As you can see, the only difference is a variable substitution. The single call stridesA = (Core.getfield)(A, :strides)::NTuple{5,Int64} is repeated everywhere stridesA is needed in the 5 nested for loops in the second version. Perhaps this is why the run time of the second version is slightly slower, but it doesn’t seem to explain the drastic difference in the compile time.


#5

I should also mention which Julia version I’m using.
The behavior I describe above is in Julia 0.5.2, specifically:

Julia Version 0.5.2
Commit f4c6c9d4bb (2017-05-06 16:34 UTC)
Platform Info:
  OS: Linux (x86_64-linux-gnu)
  CPU: Intel(R) Core(TM) i5-6300HQ CPU @ 2.30GHz
  WORD_SIZE: 64
  BLAS: libopenblas (NO_LAPACKE DYNAMIC_ARCH NO_AFFINITY Haswell)
  LAPACK: liblapack.so.3
  LIBM: libopenlibm
  LLVM: libLLVM-3.7.1 (ORCJIT, broadwell)

I just had a chance to test the same on julia 0.6.0 with different results.

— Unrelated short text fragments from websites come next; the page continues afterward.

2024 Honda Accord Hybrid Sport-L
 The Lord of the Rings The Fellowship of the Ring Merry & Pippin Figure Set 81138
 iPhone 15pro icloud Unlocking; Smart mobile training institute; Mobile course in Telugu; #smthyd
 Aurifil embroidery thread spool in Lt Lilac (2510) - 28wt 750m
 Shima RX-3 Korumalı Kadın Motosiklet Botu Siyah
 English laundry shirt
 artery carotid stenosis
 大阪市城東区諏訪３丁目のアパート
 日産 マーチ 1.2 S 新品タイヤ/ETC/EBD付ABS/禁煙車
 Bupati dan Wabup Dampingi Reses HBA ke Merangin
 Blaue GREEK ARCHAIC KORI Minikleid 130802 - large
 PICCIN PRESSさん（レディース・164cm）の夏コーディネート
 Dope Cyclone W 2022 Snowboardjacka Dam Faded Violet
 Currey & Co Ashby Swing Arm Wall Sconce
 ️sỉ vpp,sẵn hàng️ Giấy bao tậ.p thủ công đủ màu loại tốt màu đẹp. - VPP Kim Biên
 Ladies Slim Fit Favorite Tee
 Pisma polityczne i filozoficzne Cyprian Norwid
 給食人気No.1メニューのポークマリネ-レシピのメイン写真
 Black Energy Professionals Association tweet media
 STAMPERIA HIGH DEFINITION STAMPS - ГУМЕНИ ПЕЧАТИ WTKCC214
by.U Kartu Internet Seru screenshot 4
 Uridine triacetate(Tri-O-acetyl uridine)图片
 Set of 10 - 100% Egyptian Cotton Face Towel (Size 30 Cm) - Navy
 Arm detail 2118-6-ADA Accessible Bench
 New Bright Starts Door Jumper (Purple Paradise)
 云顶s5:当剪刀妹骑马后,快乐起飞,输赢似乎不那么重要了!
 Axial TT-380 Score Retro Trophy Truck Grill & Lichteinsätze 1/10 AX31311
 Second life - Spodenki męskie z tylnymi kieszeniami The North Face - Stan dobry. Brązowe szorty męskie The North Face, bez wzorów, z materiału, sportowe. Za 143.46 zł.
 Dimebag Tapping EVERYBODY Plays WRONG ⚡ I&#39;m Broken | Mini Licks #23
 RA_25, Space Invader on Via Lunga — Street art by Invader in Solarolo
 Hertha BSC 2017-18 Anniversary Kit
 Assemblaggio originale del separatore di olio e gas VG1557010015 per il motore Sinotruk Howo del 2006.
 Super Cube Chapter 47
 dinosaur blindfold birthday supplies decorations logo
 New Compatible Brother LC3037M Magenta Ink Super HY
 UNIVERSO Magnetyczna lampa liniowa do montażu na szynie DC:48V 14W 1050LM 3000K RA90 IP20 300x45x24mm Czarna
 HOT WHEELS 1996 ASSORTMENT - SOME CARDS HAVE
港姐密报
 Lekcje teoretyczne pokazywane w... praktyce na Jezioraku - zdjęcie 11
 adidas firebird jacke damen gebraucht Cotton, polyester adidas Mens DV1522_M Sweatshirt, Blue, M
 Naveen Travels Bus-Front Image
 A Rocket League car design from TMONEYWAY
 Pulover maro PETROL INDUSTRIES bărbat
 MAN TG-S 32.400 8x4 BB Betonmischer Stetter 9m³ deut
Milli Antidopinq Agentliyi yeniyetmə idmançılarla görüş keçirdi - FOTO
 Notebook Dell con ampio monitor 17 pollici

Now both versions of transpose_micro! take as long to compile as the slow version of transpose_micro! in julia 0.5.2! The version of llvm is also different: specifically

Julia Version 0.6.0
Commit 9036443 (2017-06-19 13:05 UTC)
Platform Info:
  OS: Linux (x86_64-linux-gnu)
  CPU: Intel(R) Core(TM) i5-6300HQ CPU @ 2.30GHz
  WORD_SIZE: 64
  BLAS: libopenblas (USE64BITINT DYNAMIC_ARCH NO_AFFINITY Haswell)
  LAPACK: libopenblas64_
  LIBM: libopenlibm
  LLVM: libLLVM-3.9.1 (ORCJIT, skylake)

I’ll try a more recent julia from the master branch to see what happens there.